Kaufman, Irving Robert
Kaufman, Irving Robert
(b. 24 June 1910 in New York City; d. 1 February 1992 in New York City), lawyer, government official, and federal judge who presided over the Rosenberg espionage trial.
Kaufman was one of five children of Herman Kaufman, who owned a tobacco humidifier manufacturing company, and Rose Spielberg. After graduating from DeWitt Clinton High School in the Bronx, New York, in 1925, he entered Fordham College, also in the Bronx, at the age of fifteen. Although he was Jewish, his fellow students called him “Pope Kaufman” for his excellence in the school’s required “Christian Doctrine” courses. He received a B.A. degree in 1928 and his law degree from Fordham Law School in 1931, graduating at the top of his class. Kaufman practiced law in New York City before becoming assistant United States attorney from 1936 to 1940, largely handling insurance disability fraud cases. He returned to a wide-ranging, lucrative, and politically tinged private practice where one partner, Gregory F. Noonan, was his former boss as U. S. attorney, and another, Edward P. F. Eagan, later became chairman of the New York State Athletic Commission.
In 1947 and 1948 Kaufman served as special assistant to United States attorney general Tom Clark, organizing a new Justice Department section on lobbying. He also became friends on a first-name basis with Federal Bureau of Investigation (FBI) director J. Edgar Hoover. “Hoover was like Jesus Christ to him,” observed an FBI official. Kaufman filtered and approved all candidates for positions in the U. S. attorney’s office and the federal bench in New York for Clark and the Truman White House. In October 1949 President Harry S. Truman nominated Kaufman to a federal judgeship. He took his seat the next month.
Kaufman’s greatest renown came from his presiding over the 1951 espionage trial of Julius and Ethel Rosenberg. The case took place against the backdrop of the Iron Curtain and the mid-twentieth century American anticom-munist zealotry. Kaufman sentenced the Rosenbergs to death in the electric chair after a jury found them guilty of having conspired to deliver atomic bomb secrets to the Soviet Union during World War II. Describing their crime as “treason” and “worse than murder,” Kaufman claimed that it had “caused . . . the Communist aggression in Korea, with the resultant causalities exceeding 50,000.” No such evidence, however, had been presented or existed. The espionage statute, Kaufman asserted, left him no choice but to act as he did. Despite exhaustive appeals, his ruling was not overturned. The Rosenbergs remain the only American civilians ever to be executed for espionage.

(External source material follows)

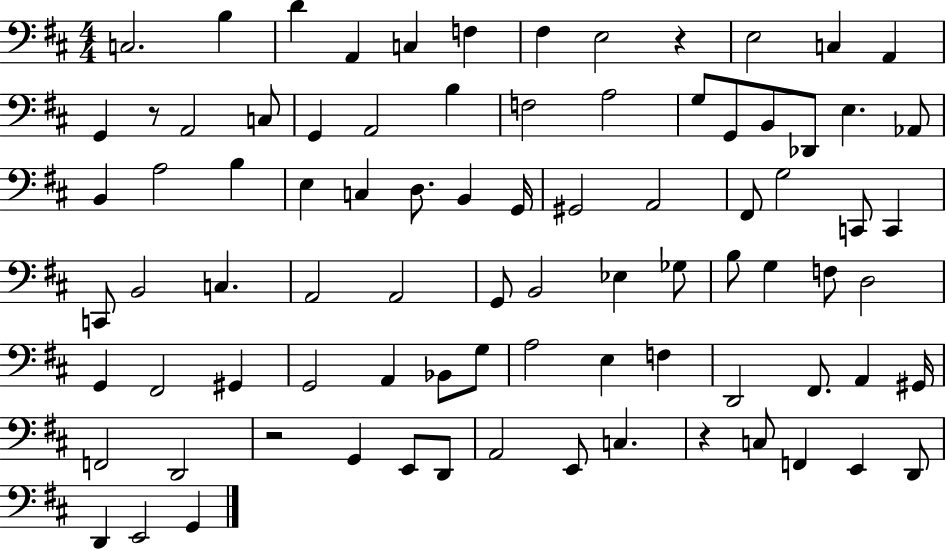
C3/h. B3/q D4/q A2/q C3/q F3/q F#3/q E3/h R/q E3/h C3/q A2/q G2/q R/e A2/h C3/e G2/q A2/h B3/q F3/h A3/h G3/e G2/e B2/e Db2/e E3/q. Ab2/e B2/q A3/h B3/q E3/q C3/q D3/e. B2/q G2/s G#2/h A2/h F#2/e G3/h C2/e C2/q C2/e B2/h C3/q. A2/h A2/h G2/e B2/h Eb3/q Gb3/e B3/e G3/q F3/e D3/h G2/q F#2/h G#2/q G2/h A2/q Bb2/e G3/e A3/h E3/q F3/q D2/h F#2/e. A2/q G#2/s F2/h D2/h R/h G2/q E2/e D2/e A2/h E2/e C3/q. R/q C3/e F2/q E2/q D2/e D2/q E2/h G2/q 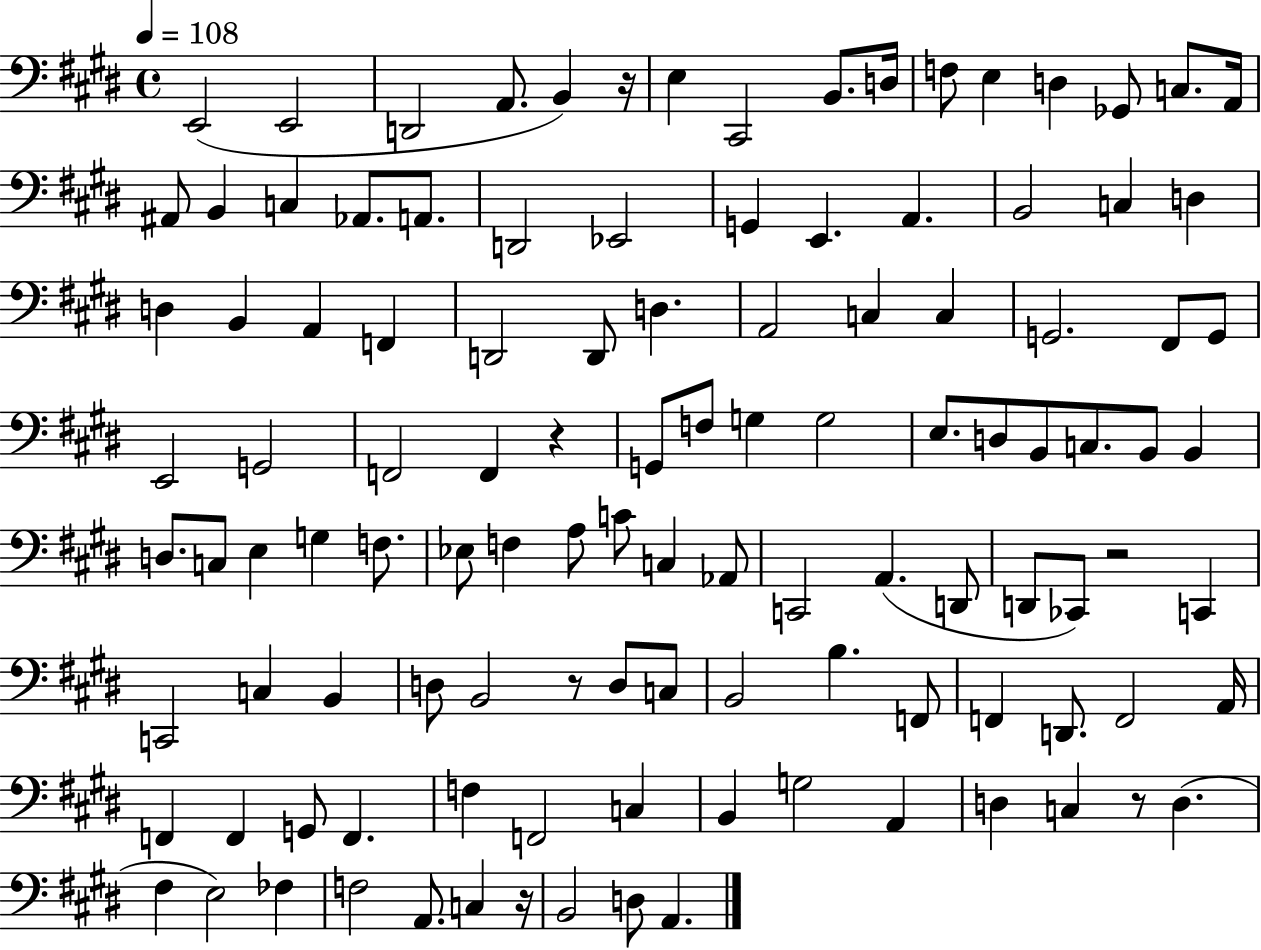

Kaufman had decided on the sentence before the jury handed down its verdict, perhaps even before the trial began. He held ex parte (private) conversations with prosecutors and other Justice Department, FBI, and Atomic Energy Commission officials about the sentence, and even with the Justice Department about future litigation strategies before the Supreme Court. Such conversations, although not totally uncommon at the time, violated judicial canons of ethics. Kaufman asked the prosecution to ascertain the Justice Department and FBI’s recommendation. When the chief prosecutor told him, after a telephone call made in his presence at a public function the night before the sentencing, that officials remained divided, Kaufman said he should refrain from making any recommendation. Kaufman announced in court that he would not ask prosecutors for a recommendation, and he told the press that he had sought “spiritual guidance” for his decision and engaged in a solitary struggle of conscience. Later that day, he passed on to Hoover a message that the FBI had done a “fabulous job on this case.” For over twenty years Kaufman used the FBI as a “private complaint bureau,” criticizing legal efforts to reopen the case and attempting to stifle the appearance of material favorable to the Rosenbergs.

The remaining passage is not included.